Também fazendo comparações, pesquisadores da Universidade da Califórnia em San Francisco publicaram, no fim de dezembro, um estudo mostrando que o número de mortes acima do esperado no estado norte-americano foi 2,2 vezes menor no período de lockdown. O artigo, divulgado na revista Jama, da Academia de Medicina dos EUA, usou dados oficiais de óbitos desde 2016, o que possibilitou aos pesquisadores estimar a média de mortes mês a mês e, assim, calcular o excesso, ou seja, uma quantidade maior do que a esperada para o período estudado.
Com essas informações em mãos, os pesquisadores compararam dois períodos: 1 de março a 9 de maio de 2020 (lockdown) e 10 de maio a 22 de agosto (reabertura). Independentemente de faixa etária, etnia, escolaridade e renda, os óbitos em excesso foram maiores, semana a semana, no período de reabertura. Na média, 2,2 vezes superior.

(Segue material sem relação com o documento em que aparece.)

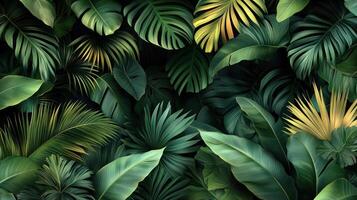 Tropical jungle background with leaves and plants photo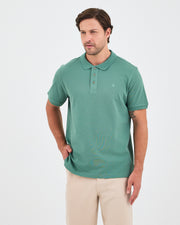Erkek Turkuaz Nakış Organik Pamuk Standart Kalıp Polo Yaka T-Shirt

Um dos autores do primeiro estudo da Imperial College sobre os efeitos do lockdown na Europa, Anna Jöud, epidemiologista da Universidade de Lund, destaca, agora, que o sucesso da estratégia depende de um conjunto de medidas, incluindo a colaboração de cada pessoa. “As várias intervenções não parecem funcionar isoladamente umas das outras, mas, muitas vezes, dependem umas das outras. Uma mudança no comportamento influencia o efeito de outras intervenções. Quanto e de que forma é mais difícil de saber”, diz.
Retomada
Segundo um painel de especialistas que publicou, recentemente, um artigo na revista The Lancet sobre as medidas mais eficazes adotadas na Europa e na Ásia, diferenças nos resultados obtidos pelo fechamento total ou parcial de comércio e serviços se dão justamente devido à adoção de estratégias imediatas ou de longo prazo. Os cientistas defendem que, para reabrir com segurança e colher frutos do período de fechamento, governos devem investir em uma série de ações, que inclui um sistema de monitoramento robusto, testagens contínuas da população, insistência nas campanhas educativas para uso de máscara e manutenção do isolamento social.
“A covid-19 é uma doença grave, que permanecerá conosco por muito tempo”, destaca a principal autora, Helena Legido-Quigley, da Escola de Higiene e Medicina Tropical de Londres. “Há cada vez mais consciência de que o alívio do bloqueio não se trata de retornar ao estado normal pré-pandêmico, e os governos precisam encontrar estratégias que impeçam o rápido crescimento de infecções de forma sustentável e aceitável para o público ao longo de muitos meses.”
Riscos psiquiátricos
Apesar de necessário em momentos de crise, o lockdown tem efeitos alarmantes na saúde mental, especialmente para jovens com menos de 30 anos e pessoas com problemas preexistentes. Essa é a conclusão de um novo estudo da Universidade de Copenhague e da Universidade College London, baseado em dados de 200 mil cidadãos em toda a Europa. Os cientistas coletaram e analisaram informações de saúde mental de quatro países diferentes (Dinamarca, França, Holanda e Reino Unido) durante o primeiro bloqueio na primavera e no início do verão de 2020. “Estudamos diferentes fatores de saúde mental, como solidão, ansiedade e preocupações relacionadas à covid-19. Os níveis mais elevados de solidão foram observados entre os jovens e pessoas com doenças mentais preexistentes”, afirma o professor-assistente Tibor V. Varga, do Departamento de Saúde Pública da Faculdade de Saúde e Ciências Médicas da Universidade de Copenhague. Os pesquisadores sugerem que os subgrupos identificados pelo estudo como particularmente propensos a sentirem solidão e ansiedade devem ser acompanhados de perto para evitar desafios futuros.